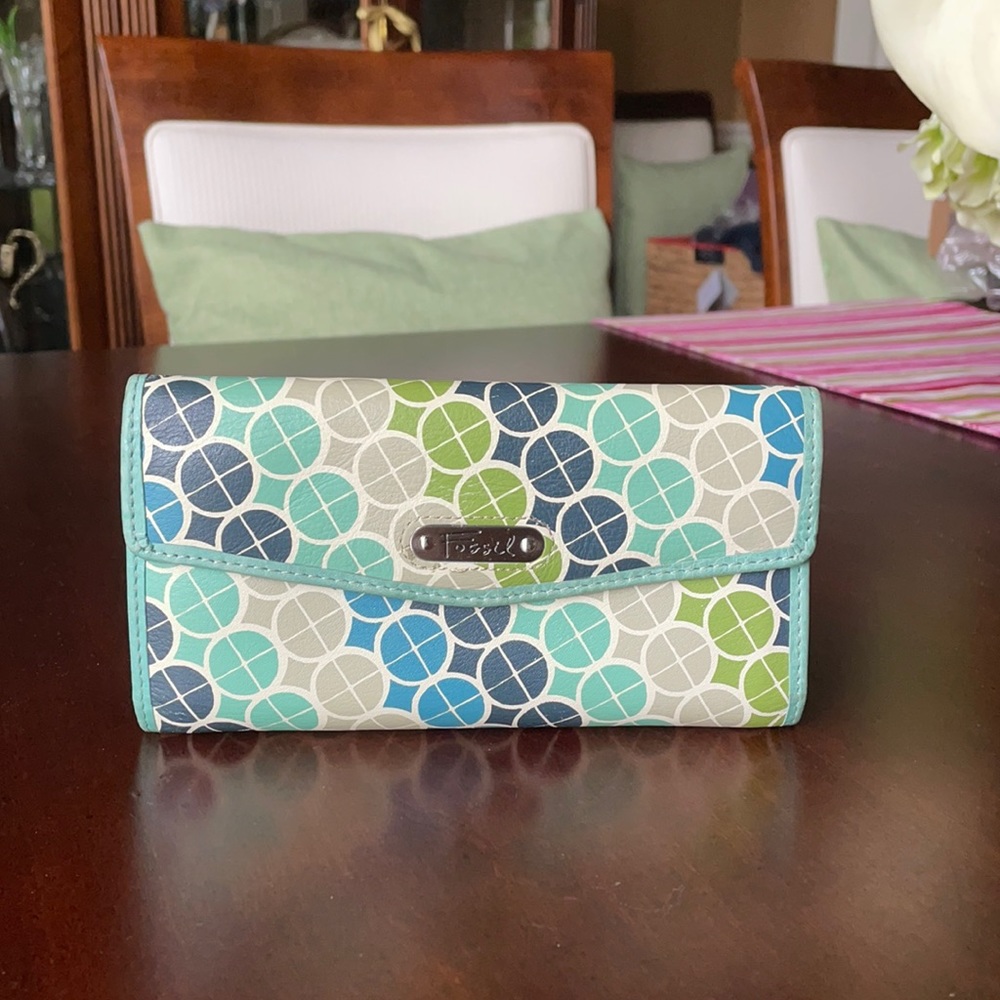 Fossil Blue-Toned Genuine Leather Wallet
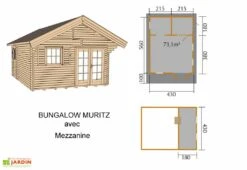 Bungalow De Week-end Muritz (430x560x359) -Solid || Axi || EXIT TOYS Soldes Boutique schema muritz15543563000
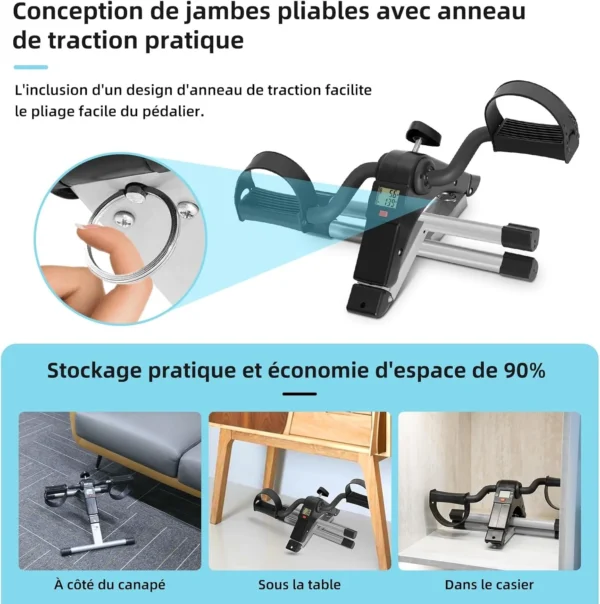 Mini Vélo d'Appartement, Pedalier d'appartement Portable avec Ecran LCD, Résistance Réglable, Bras Jambes Entraîner, Noir/Noir Argent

:: What needs to be done ::
What is needed here is each line above set down word for word, minus the images.

:: Task solution ::
 Fossil Blue-Toned Genuine Leather Wallet
 Bungalow De Week-end Muritz (430x560x359) -Solid || Axi || EXIT TOYS Soldes Boutique schema muritz15543563000
 Mini Vélo d'Appartement, Pedalier d'appartement Portable avec Ecran LCD, Résistance Réglable, Bras Jambes Entraîner, Noir/Noir Argent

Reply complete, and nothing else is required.